Support JWST and Roman by icweaver · Pull Request #25 · JuliaAstro/ASDF.jl

icweaver · 2026-03-21T11:38:34Z

Hey folks, these are a few toggles I added to try and support some of the quirks I ran into "out in the wild". I've split them into the following three commits:

Don't choke on unknown tags: dc40329
1. This just provides a fallback for STScI's many asdf tags. Could be replaced by specific converters in the future.
2. Also adds a metadata tag and a newer ndarray-1.1.0 tag that Roman seems to use now.
3. This feature is behind an ASDF.load(<filename.asdf>; extensions = false) kwarg by default to preserve current behavior. Similar to the extensions kwarg in the Python impl.
Checksum or not to checksum: 56a8c33
1. Apparently some Roman data products store their file's checksum based on the uncompressed file instead of compressed (ASDF.jl's default). This breaks things.
2. Added a flag to get around this, similarly to the Python impl.
Blocks vs Frames: 0d425a0
1. Roman seems to use the block layout for their Lz4 compression, instead of frame. This adds support for both, and automatically handles it using magic numbers.

Usage examples:

JWST
Roman

Does this seem reasonable to folks? I'd especially appreciate feedback for the last point, which I have little experience in and relied heavily on Claude for to come up with the needed incantations.

To-do

Add tests for item 3 if we end up sticking with an impl like this
Add Lz4 frame/block write option

…r Roman)

codecov · 2026-03-21T11:39:50Z

Codecov Report

❌ Patch coverage is 98.11321% with 1 line in your changes missing coverage. Please review.
✅ Project coverage is 95.54%. Comparing base (c6f56b0) to head (e5b6bd4).

Files with missing lines	Patch %	Lines
src/ASDF.jl	98.11%	1 Missing ⚠️

Additional details and impacted files

@@            Coverage Diff             @@
##             main      #25      +/-   ##
==========================================
+ Coverage   95.28%   95.54%   +0.26%     
==========================================
  Files           1        1              
  Lines         318      359      +41     
==========================================
+ Hits          303      343      +40     
- Misses         15       16       +1

☔ View full report in Codecov by Sentry.
📢 Have feedback on the report? Share it here.

🚀 New features to boost your workflow:

❄️ Test Analytics: Detect flaky tests, report on failures, and find test suite problems.

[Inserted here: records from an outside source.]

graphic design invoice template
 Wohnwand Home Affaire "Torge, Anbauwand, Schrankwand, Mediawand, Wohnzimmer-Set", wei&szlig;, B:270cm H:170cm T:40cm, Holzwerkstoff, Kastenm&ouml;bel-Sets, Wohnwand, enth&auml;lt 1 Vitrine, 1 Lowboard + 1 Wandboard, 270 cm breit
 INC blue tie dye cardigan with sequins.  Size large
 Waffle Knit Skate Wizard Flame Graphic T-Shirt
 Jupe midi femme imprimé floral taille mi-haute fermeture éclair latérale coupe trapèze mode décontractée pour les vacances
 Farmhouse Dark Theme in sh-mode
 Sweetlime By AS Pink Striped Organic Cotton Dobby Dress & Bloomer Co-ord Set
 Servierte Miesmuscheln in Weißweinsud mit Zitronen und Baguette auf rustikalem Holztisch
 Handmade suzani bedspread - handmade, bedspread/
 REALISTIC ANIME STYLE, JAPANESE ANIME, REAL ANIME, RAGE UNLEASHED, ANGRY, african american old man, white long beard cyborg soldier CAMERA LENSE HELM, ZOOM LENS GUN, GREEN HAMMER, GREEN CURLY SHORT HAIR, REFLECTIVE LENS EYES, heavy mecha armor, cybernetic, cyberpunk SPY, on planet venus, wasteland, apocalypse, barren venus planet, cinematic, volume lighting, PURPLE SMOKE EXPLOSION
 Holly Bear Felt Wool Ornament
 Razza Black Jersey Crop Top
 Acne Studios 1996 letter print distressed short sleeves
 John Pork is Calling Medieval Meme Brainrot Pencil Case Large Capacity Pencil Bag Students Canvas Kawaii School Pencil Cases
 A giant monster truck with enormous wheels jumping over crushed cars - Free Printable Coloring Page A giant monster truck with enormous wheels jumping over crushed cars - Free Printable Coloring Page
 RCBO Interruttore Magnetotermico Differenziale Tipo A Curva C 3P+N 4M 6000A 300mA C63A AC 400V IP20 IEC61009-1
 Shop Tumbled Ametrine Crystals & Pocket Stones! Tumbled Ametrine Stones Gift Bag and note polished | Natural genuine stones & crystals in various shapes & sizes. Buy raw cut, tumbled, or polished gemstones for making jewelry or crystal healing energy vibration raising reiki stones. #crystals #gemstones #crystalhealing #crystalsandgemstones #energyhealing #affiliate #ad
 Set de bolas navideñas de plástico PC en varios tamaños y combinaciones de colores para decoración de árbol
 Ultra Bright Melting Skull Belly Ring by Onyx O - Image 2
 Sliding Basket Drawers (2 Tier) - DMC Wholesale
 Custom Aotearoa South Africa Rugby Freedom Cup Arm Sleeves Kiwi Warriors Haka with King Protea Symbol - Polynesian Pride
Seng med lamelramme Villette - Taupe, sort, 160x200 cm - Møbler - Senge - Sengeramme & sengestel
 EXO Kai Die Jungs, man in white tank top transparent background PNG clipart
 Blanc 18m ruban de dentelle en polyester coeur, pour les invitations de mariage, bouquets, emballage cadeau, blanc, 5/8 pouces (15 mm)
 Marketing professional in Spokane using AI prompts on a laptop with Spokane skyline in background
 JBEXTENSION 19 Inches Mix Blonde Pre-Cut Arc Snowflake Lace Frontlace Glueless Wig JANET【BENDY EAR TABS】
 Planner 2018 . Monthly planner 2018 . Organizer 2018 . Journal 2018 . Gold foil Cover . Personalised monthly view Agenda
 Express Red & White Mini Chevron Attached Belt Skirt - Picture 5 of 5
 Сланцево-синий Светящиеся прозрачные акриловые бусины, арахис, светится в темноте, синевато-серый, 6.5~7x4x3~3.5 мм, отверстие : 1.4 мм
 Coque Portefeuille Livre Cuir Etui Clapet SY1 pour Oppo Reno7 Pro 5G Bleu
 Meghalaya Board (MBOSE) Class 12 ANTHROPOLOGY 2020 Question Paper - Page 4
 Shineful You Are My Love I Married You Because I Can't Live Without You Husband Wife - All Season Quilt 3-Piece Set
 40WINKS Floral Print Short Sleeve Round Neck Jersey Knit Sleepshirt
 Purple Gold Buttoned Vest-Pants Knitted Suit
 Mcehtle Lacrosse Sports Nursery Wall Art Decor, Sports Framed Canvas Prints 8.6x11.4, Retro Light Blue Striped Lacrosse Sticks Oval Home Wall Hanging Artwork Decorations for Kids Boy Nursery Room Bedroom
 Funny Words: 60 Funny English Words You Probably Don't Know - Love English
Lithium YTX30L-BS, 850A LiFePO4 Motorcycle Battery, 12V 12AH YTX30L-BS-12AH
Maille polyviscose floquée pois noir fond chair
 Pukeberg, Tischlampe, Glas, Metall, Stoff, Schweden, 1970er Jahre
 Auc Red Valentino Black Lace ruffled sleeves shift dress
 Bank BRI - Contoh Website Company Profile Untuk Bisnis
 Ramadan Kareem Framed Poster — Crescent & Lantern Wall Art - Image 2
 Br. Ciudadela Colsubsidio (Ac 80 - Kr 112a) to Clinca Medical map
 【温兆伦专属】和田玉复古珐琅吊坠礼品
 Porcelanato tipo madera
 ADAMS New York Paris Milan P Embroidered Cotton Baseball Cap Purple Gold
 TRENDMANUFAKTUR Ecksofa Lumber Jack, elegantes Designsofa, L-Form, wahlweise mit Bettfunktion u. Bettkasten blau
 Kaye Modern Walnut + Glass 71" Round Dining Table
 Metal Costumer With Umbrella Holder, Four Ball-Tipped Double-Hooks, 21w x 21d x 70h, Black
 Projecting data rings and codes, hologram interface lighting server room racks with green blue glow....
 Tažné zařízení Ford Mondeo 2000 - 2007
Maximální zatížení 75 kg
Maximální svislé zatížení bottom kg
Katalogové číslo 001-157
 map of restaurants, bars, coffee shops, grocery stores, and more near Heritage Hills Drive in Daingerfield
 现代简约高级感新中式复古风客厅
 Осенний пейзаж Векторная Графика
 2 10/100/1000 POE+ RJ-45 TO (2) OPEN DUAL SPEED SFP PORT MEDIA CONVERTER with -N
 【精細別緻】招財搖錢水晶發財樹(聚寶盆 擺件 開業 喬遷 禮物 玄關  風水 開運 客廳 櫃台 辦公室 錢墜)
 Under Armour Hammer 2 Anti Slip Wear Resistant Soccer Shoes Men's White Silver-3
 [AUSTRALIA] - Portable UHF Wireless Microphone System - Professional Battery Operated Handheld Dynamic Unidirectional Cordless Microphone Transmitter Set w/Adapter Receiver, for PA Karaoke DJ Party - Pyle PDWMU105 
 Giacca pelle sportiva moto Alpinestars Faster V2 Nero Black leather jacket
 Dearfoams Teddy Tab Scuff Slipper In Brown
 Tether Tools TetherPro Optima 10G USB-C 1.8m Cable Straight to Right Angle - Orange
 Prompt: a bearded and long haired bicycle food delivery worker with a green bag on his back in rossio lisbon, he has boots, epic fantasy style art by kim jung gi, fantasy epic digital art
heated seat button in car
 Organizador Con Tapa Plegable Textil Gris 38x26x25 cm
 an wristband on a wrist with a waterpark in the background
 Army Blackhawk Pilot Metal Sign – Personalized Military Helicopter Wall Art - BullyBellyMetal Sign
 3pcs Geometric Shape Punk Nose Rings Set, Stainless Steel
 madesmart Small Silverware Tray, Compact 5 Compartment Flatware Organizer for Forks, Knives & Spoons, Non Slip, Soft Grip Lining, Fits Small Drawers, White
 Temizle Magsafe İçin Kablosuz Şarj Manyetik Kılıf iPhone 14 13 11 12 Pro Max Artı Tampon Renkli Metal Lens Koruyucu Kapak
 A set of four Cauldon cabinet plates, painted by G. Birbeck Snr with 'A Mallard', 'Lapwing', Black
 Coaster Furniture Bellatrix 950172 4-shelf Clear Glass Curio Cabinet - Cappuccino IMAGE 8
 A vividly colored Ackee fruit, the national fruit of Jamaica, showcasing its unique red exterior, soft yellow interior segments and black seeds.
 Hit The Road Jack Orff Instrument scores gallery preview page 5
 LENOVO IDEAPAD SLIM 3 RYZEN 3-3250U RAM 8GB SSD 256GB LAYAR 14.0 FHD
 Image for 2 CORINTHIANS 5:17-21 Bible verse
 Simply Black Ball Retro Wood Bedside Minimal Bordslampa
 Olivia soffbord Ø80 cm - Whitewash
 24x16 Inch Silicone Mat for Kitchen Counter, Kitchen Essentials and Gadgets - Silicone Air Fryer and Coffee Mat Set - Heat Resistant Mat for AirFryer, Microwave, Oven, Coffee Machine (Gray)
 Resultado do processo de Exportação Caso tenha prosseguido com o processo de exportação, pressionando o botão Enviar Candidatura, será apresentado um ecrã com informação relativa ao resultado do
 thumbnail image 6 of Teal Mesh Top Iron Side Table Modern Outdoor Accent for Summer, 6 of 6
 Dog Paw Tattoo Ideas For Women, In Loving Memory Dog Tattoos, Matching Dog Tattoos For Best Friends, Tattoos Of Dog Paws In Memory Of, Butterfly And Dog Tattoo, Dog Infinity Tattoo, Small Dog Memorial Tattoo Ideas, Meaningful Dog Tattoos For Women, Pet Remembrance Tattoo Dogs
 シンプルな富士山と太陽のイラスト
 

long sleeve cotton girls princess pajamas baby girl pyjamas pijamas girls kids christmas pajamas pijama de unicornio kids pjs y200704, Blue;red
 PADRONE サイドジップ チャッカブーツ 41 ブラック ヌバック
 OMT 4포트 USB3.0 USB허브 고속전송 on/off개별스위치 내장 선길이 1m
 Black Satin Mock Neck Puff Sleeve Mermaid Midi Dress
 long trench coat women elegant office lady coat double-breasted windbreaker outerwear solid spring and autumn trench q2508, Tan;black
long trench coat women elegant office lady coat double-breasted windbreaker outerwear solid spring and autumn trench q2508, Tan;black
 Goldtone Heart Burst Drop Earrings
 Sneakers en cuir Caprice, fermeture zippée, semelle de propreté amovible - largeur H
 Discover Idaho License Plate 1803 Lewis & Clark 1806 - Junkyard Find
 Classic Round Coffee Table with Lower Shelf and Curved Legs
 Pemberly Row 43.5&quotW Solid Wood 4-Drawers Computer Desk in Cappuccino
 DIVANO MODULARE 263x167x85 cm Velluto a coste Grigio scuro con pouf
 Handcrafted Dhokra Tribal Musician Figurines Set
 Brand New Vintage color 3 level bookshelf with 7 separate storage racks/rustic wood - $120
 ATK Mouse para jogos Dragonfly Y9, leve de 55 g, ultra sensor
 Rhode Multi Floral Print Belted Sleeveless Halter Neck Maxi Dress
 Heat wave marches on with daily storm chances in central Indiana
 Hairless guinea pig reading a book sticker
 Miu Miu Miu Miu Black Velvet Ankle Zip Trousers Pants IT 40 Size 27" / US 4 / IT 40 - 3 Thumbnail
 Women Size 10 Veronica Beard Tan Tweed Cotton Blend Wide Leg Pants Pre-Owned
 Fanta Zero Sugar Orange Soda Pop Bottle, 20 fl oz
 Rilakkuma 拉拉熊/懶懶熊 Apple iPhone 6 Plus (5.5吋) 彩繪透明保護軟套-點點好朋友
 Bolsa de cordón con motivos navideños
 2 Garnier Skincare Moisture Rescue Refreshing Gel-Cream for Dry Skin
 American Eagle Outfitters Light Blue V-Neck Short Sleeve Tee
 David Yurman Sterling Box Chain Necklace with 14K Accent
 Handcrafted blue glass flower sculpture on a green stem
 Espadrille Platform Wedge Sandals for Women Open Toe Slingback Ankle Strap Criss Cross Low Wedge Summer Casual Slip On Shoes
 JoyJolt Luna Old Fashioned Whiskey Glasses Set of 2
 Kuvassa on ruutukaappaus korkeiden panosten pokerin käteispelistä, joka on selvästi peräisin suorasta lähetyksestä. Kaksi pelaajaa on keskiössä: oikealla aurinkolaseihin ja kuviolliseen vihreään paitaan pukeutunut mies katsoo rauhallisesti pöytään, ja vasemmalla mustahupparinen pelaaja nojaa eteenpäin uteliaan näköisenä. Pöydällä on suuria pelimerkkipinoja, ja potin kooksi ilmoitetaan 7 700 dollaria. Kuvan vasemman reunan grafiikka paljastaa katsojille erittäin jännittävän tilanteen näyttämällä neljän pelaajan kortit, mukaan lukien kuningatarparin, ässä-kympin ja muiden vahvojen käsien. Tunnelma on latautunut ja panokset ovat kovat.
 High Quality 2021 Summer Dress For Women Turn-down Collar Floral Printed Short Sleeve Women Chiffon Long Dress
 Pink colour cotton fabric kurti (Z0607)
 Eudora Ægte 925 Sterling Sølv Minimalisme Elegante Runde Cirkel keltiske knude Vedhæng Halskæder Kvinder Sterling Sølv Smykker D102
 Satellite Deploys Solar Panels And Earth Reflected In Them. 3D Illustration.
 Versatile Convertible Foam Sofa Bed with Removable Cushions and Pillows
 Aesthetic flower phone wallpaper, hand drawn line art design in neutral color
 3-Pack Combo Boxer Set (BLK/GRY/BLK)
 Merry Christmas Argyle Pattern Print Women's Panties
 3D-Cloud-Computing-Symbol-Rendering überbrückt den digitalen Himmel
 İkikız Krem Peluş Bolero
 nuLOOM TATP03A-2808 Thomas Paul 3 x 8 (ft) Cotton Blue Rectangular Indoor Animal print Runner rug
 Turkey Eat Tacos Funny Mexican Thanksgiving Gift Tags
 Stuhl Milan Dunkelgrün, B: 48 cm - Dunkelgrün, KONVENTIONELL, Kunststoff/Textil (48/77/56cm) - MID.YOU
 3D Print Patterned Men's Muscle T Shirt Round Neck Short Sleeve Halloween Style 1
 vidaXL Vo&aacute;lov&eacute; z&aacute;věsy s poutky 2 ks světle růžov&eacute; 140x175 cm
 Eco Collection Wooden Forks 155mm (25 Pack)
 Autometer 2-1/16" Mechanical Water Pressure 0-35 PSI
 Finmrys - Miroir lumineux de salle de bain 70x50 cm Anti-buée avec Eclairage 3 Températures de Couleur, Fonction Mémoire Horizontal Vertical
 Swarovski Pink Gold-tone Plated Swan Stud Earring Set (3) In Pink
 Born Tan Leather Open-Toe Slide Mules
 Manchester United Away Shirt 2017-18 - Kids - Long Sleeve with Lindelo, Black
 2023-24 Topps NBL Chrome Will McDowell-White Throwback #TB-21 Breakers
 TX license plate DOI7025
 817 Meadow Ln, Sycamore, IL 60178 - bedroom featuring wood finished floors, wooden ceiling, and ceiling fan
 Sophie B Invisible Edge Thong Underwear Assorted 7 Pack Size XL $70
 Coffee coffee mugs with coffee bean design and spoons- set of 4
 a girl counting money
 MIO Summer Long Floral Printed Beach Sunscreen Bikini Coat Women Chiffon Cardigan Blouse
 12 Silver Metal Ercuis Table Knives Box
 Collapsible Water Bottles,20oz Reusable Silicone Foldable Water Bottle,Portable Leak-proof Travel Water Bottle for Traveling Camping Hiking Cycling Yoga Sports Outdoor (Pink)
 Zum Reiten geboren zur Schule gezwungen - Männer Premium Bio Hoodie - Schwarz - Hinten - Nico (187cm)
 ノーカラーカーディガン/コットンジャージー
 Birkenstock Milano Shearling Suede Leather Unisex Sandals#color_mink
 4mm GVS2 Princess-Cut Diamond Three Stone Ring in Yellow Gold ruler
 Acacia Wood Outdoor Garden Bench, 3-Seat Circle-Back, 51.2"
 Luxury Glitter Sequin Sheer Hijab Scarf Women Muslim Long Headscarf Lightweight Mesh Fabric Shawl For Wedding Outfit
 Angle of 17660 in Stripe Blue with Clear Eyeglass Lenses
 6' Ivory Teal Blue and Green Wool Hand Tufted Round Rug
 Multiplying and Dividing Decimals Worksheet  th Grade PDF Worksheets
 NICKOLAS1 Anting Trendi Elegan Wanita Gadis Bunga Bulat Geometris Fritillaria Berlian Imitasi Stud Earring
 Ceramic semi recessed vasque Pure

eschnett · 2026-03-21T15:47:06Z

src/ASDF.jl

+        data[3] == 0x4D && data[4] == 0x18)
+        return decode(LZ4FrameCodec(), data)
+    else
+        # If the data was originally created from Python's ASDF, then it will be in block instead of frame layout,


Can we also produce the block layout? Should we? Can Python handle the frame layout?

Thanks for reminding me, will add that in. Looks like they can, but as a plug-in https://github.com/asdf-format/asdf-compression

Added in e012b21

There is a layout option for NDArrayWrapper now to flip between frame and block. Does that seem like a reasonable place to control things? I guess it doesn't really make sense for other compression schemes, so I just set the default layout as default

I don't love from a maintainability point of view that there is now a hand-rolled Lz4-specific encode and decode path to accommodate Python's asdf scheme. There's also the matter of compatibility with Lz4 frame support on the Python side, but since that's still an experimental plugin, maybe that can be a problem for future us to deal with.

I am now squarely out of my comfort zone and would gladly accept any suggestions for simplifying things, haha. Thanks again for taking a look!

If this is only for lz4 then I would call it lz4_layout, with values :frame and :block. I am sure that other compression schemes will also want to have options in the future, e.g. specifying the compression level.

Sounds good, just renamed here e5b6bd4

eschnett · 2026-03-21T15:49:14Z

The checksum bit sounds weird. There is a standard for checksums, and THE major player in the field gets the implementation wrong? Does this make checksums useless in practice? Well, the world is what it is...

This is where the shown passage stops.